NJ Judges Required to Ask Jurors Open-Ended Questions

By Michael Zerres

Erga v. Chalmers – Docket No. A-2632-12T4 – unpublished – Jury Selection/Voir Dire – decided July 16, 2014

This matter arises out of an auto accident trial, wherein the plaintiff sought reversal of a no-cause verdict after the Trial Court failed to ask Question Six from a set of sample jury questions set forth by the Administrative Office of the Courts in Directive #4-07.

During jury selection, the court informed counsel that it intended to ask Question Six in the reverse. Plaintiff’s counsel requested Question Six be read as it appeared in Directive #4-07, explaining that asking the question in the negative would not allow full and frank responses from potential jurors.

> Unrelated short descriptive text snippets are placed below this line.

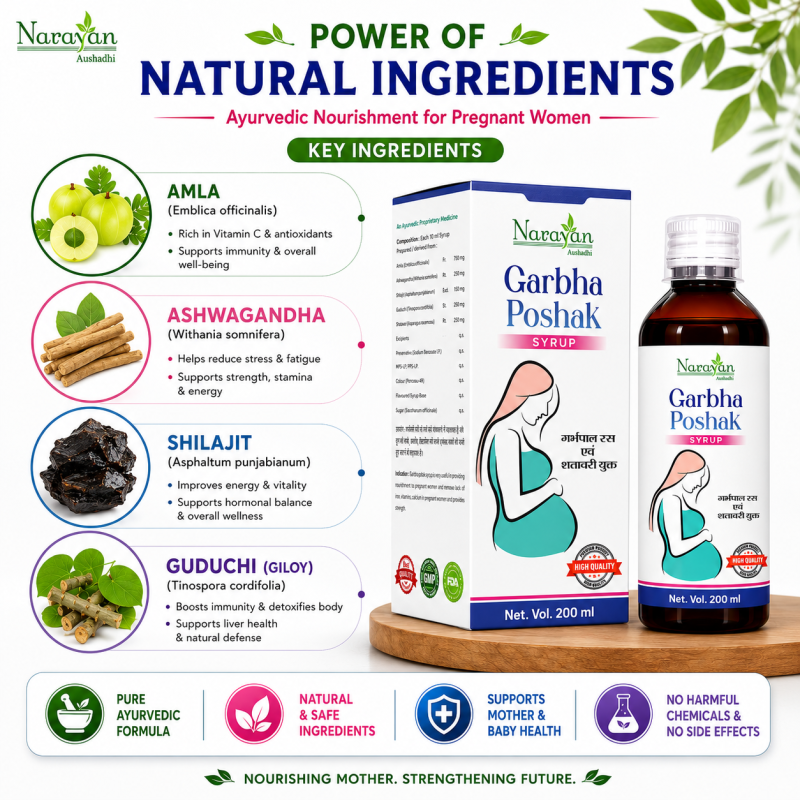 Detox Rx Syrup Supports Detoxification Vitality and Overall Physical Wellness.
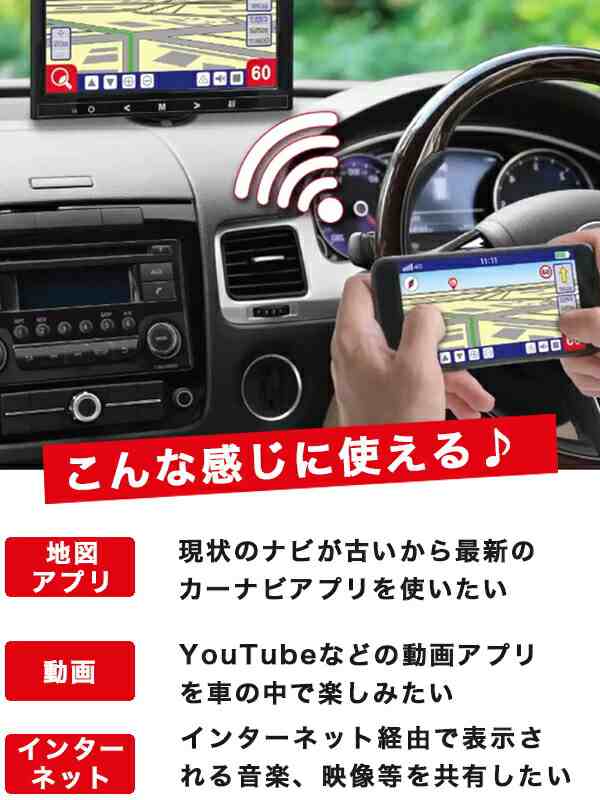 9インチモニター 1024*600 BAV/HDMI/VGA入力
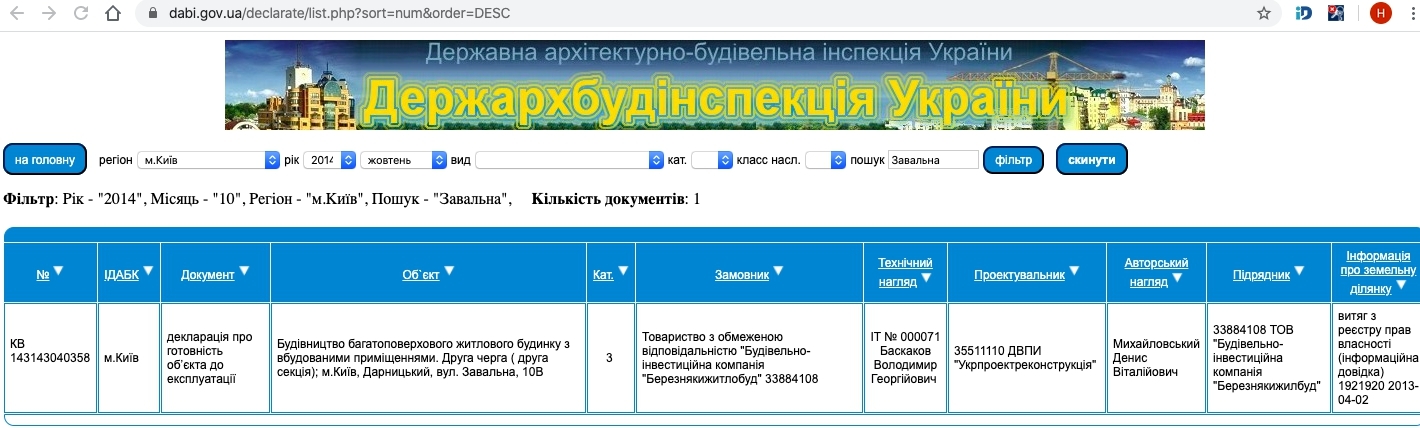 Сертифікат про готовність Секция 2, ЖК Status Grad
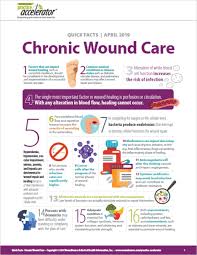 Pin On Baking Therapy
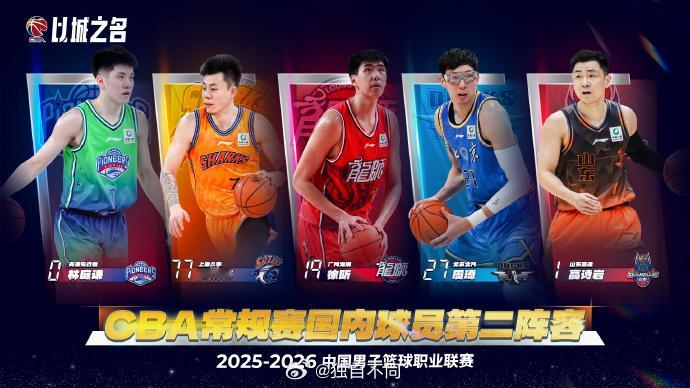 米奇和韦胖进入常规赛最佳国际球员阵容。 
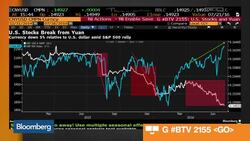 Beware the 'Bull Trap': Why You Should Be Wary of Stocks News Clip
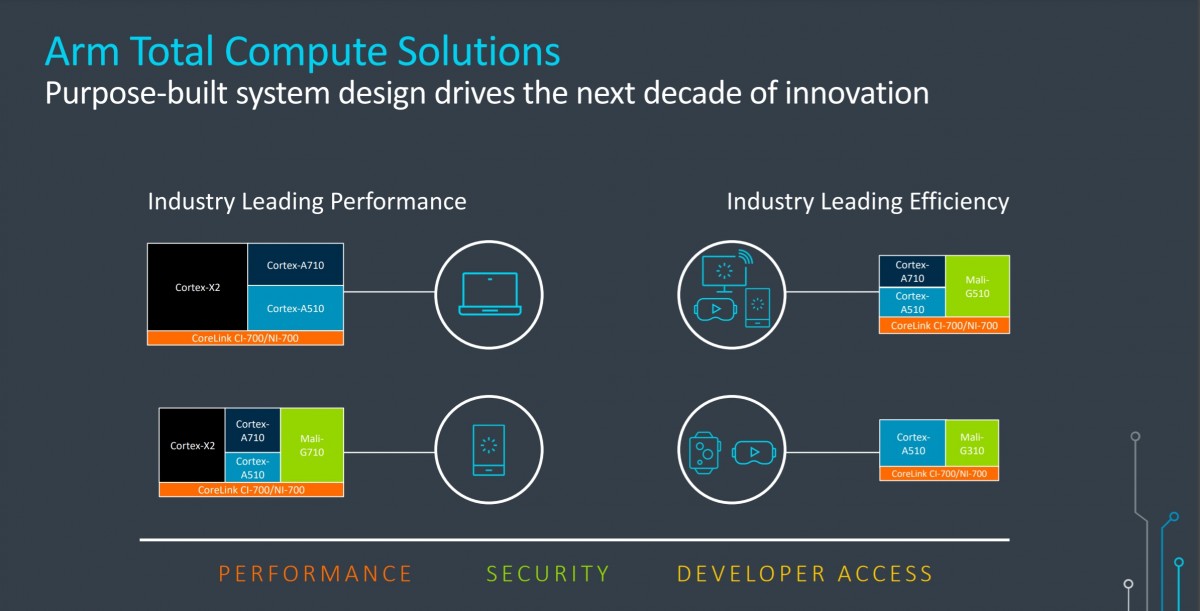 ARM unveils Cortex-X2, A710, A510, new Mali GPUs as it prepares to go 64-bit only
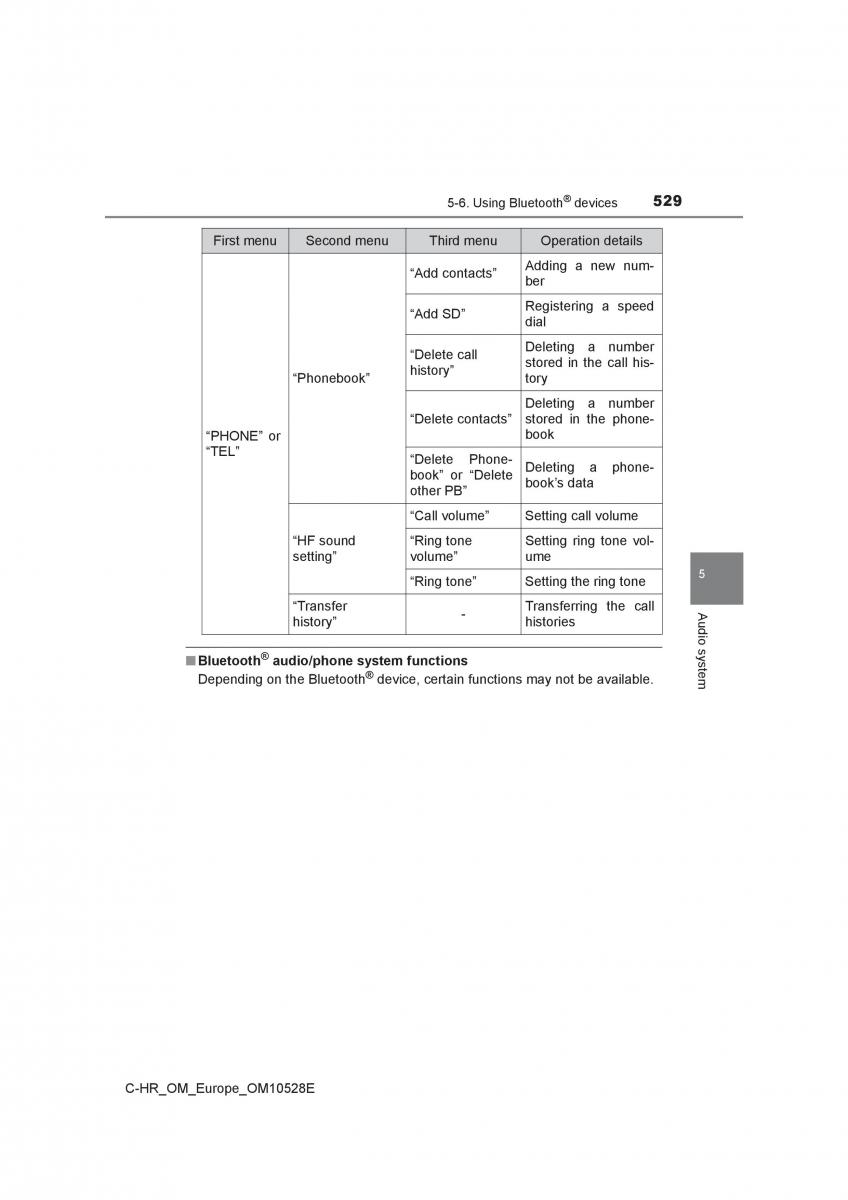 Toyota C HR owners manual / page 529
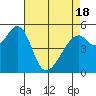 Oakland Airport tide chart for Sunday, April 18, 2021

Even though the defendant did not object to having Question Six read from Directive #4-07, the Court insisted on reading the question in reverse, claiming it would save the Court time during jury selection.

During voir dire, the Court did not ask Question Six, but instead asked potential jurors if they thought they could be fair. The plain language of Directive #4-07 acknowledges that certain information cannot be gleaned from simple yes/no responses. Further, adding time onto jury selection was contemplated and deemed an acceptable price to pay for a fair jury.

Citing case law which held that Supreme Court Directives are binding on trial courts, the Appellate Division ruled that refusing to pose open-ended questions mandated by Directive #4-07 is presumptively unfair and warranted reversal. While the trial court may use its discretion to construct the phraseology of open-ended questions, it cannot use its discretion to refuse to ask any open-ended questions at all.